Exercise brief »
Word for word, repeat the data; no picture should appear in the result.

━━━ Records supplied ━━━

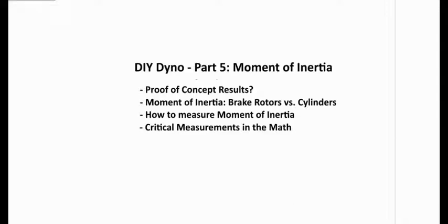Hi, this is Eugene Blanchard. This is part five of do-it-yourself dyno and this video is going to talk about moment of inertia. We're going to go through first the proof of concept results, take a look at them because they don't look right. We're going to look at moment of inertia, what it is, and how brake rotors versus cylinders compare. We'll also talk about how to measure the moment of inertia, build a jig to verify it, and discuss the critical measurements in our test jig and how they affect the math.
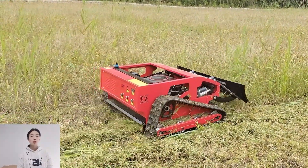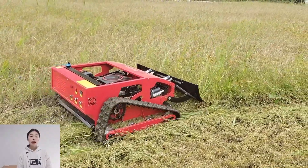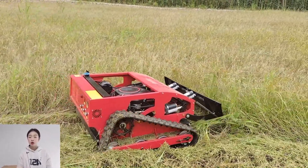360 degree circles on the spot, forward and backward turning and moving. Regardless of physical inconvenience or other, it can be easily operated on the spot.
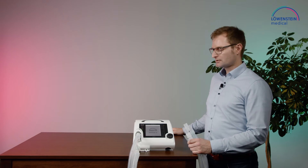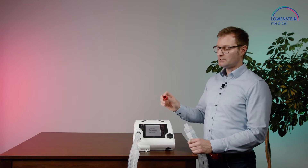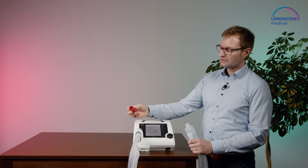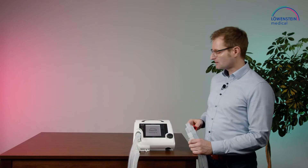To do the function test, we need an adapter. For the leakage system, we need this adapter. All adapters are delivered together with the device. This adapter would come directly at the device outlet.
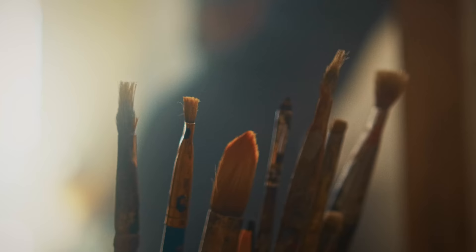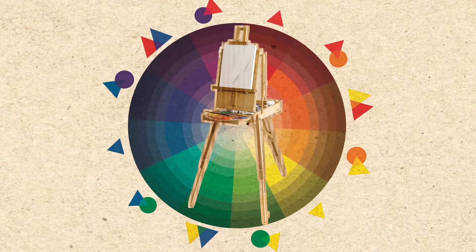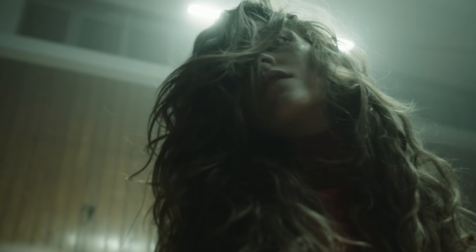A painter doesn't just sit down and create the most incredible painting. First, understanding the color palette, the paint brushes. Or a musician — first they do do re mi fa so la ti do. Same with dance: first your foundation, and on top of it, your style.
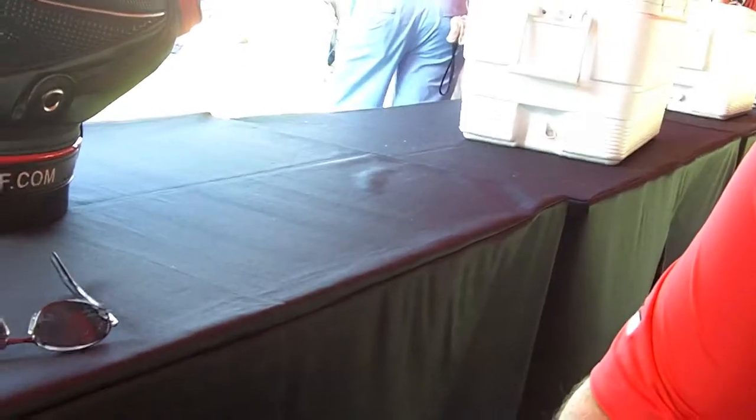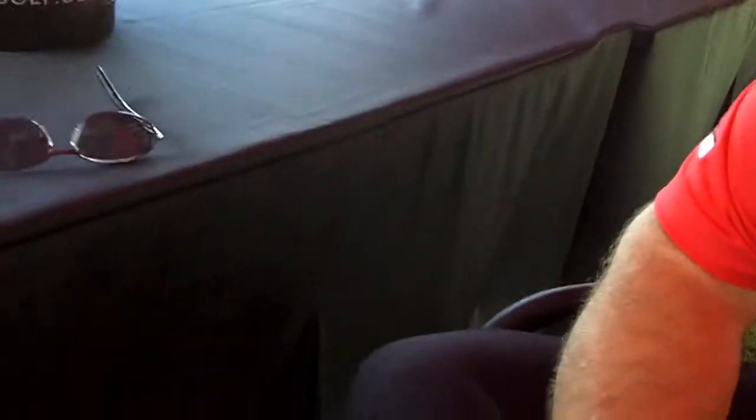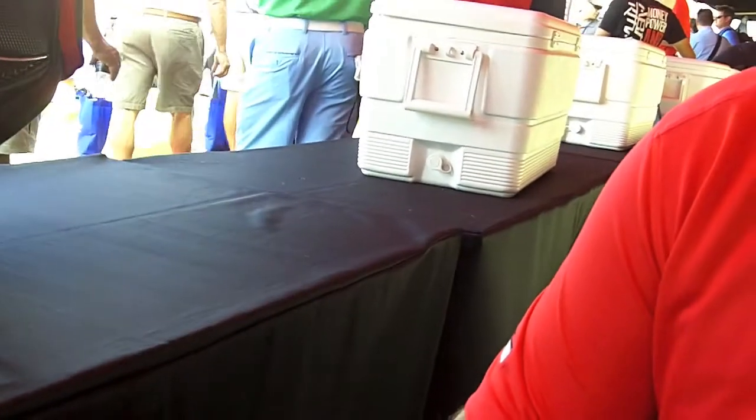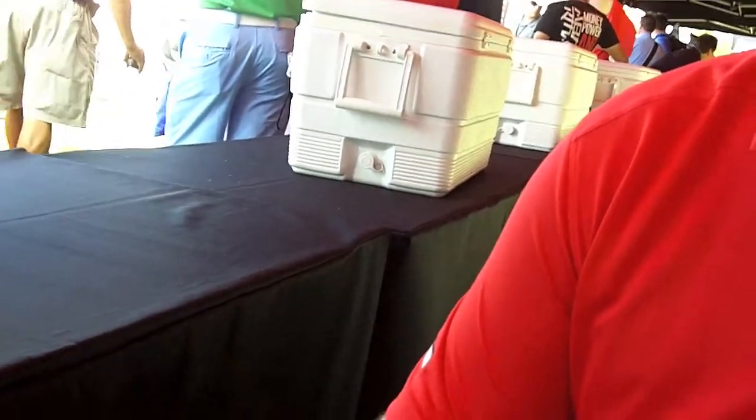We're here with Mr. Stites, going to talk about the new technology that Nike has coming out. If you could just give us your thoughts on the new technology and what is the biggest difference between it and last year's line, please.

━━━

Solution »
Hi, this is Eugene Blanchard. This is part five of do-it-yourself dyno and this video is going to talk about moment of inertia. We're going to go through first the proof of concept results, take a look at them because they don't look right. We're going to look at moment of inertia, what it is, and how brake rotors versus cylinders compare. We'll also talk about how to measure the moment of inertia, build a jig to verify it, and discuss the critical measurements in our test jig and how they affect the math.
360 degree circles on the spot, forward and backward turning and moving. Regardless of physical inconvenience or other, it can be easily operated on the spot.
To do the function test, we need an adapter. For the leakage system, we need this adapter. All adapters are delivered together with the device. This adapter would come directly at the device outlet.
A painter doesn't just sit down and create the most incredible painting. First, understanding the color palette, the paint brushes. Or a musician — first they do do re mi fa so la ti do. Same with dance: first your foundation, and on top of it, your style.
We're here with Mr. Stites, going to talk about the new technology that Nike has coming out. If you could just give us your thoughts on the new technology and what is the biggest difference between it and last year's line, please.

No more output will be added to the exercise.